I stayed at home during the summers after that and returned but once, 20 years later. The old house sported a TV antenna. An oil furnace made the living room fireplace an ornament, and there was approving talk of condos going in on the hill just up the shore path. But by then, I’d traded city life for a place in the country with zinc counters, an oak and brass icebox and a wood-burning range. The homestead was largely furnished with rustic furniture I’d built of birch and maple saplings, sawmill slabs, river snags and childhood memories.
A History in Twigs
Differences in the way successive generations feel toward rustic furniture reflect more than fashion or historical trends. It is a function of America’s evolving attitude toward nature, the environment, and man’s role in what we now call global ecology.
The World War II generation was perhaps the last to mirror the Europeans who colonized the New World–embodying the Late-Renaissance ideal that man’s God-given role was to improve on nature, to perfect the natural state. Their ideal was the city as perfected by the ancient Greeks and Romans–the well-ordered repository of all knowledge, culture, and Enlightenment. Indeed, the very term “civilization” comes from the Latin word for “city.” Life inside the city walls was “civil” and the world beyond the walls was abandoned to the wilderness and howling barbarism–to “uncivil” behavior and chaos.
In the New World, pioneers had to fight their way through a really uncivil wilderness that extended 3,000 miles to the Pacific. Every field, homesite, and road was contested by hostile Indians, wild animals, brutal weather, difficult terrain, and an ocean of trees. Indeed, a cabin, a log bedstead, or rustic chair offered a way to dispose of a few logs. The furniture they made was rustic, not by intent but of necessity, made with primitive tools under primitive conditions.
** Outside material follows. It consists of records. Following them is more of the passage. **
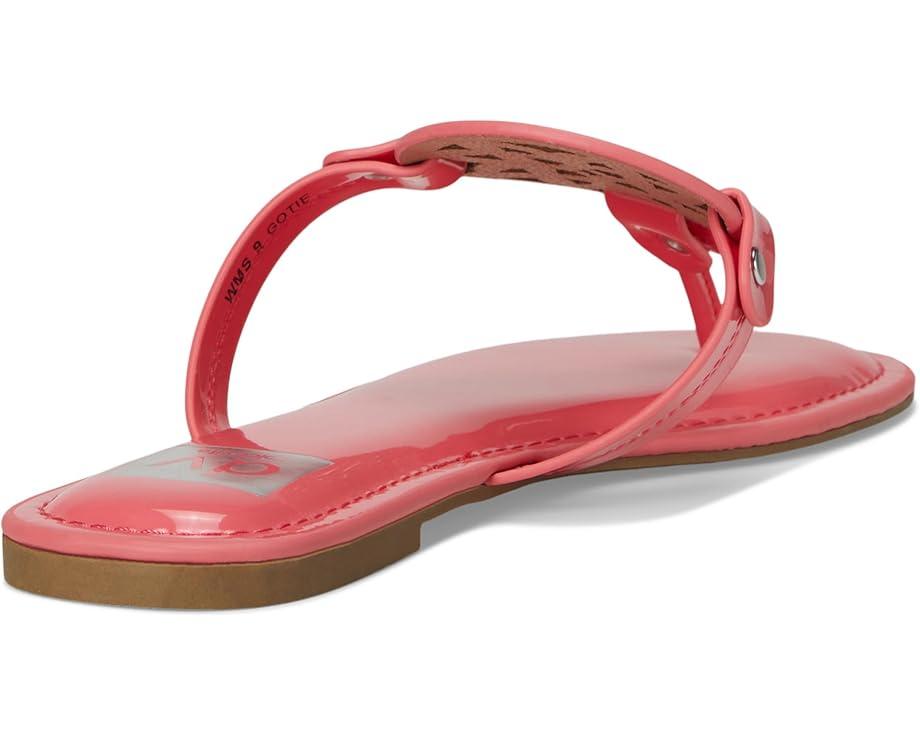 MSRP: $40(30% OFF) Product Image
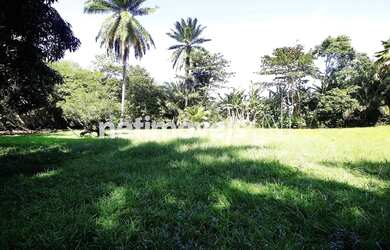 Imagem 5: Venda ou locação Casa Portão Lauro de Freitas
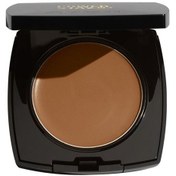 Resim Power Stay Pata Krem Fondöten Spf20 435n Warm Deep Tan 
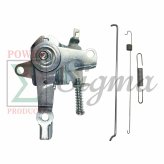 Engine Throttle Spring Kit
Made not by cabinetmakers but by the people who used it and hewn from the forest that was at once their primary adversary and the provider of food, housing materials, heating fuel, and livelihood.
An early deal table and benches or a woven rush-seat chair is four-square, undecorated, and utilitarian. What embellishment peeks through is grudging–a knot enlivening the surface of a hand-planed sideboard was endured as an intrusion of imperfect nature on the work of man. If it was not filed down to a civil smoothness, it was not from lack of will but because the time, energy, or tools were lacking. And when the homestead was established and crops were paying off, the good folks sent off for factory-made bedsteads, chairs, and tables and relegated the old rustic furniture to the barn loft.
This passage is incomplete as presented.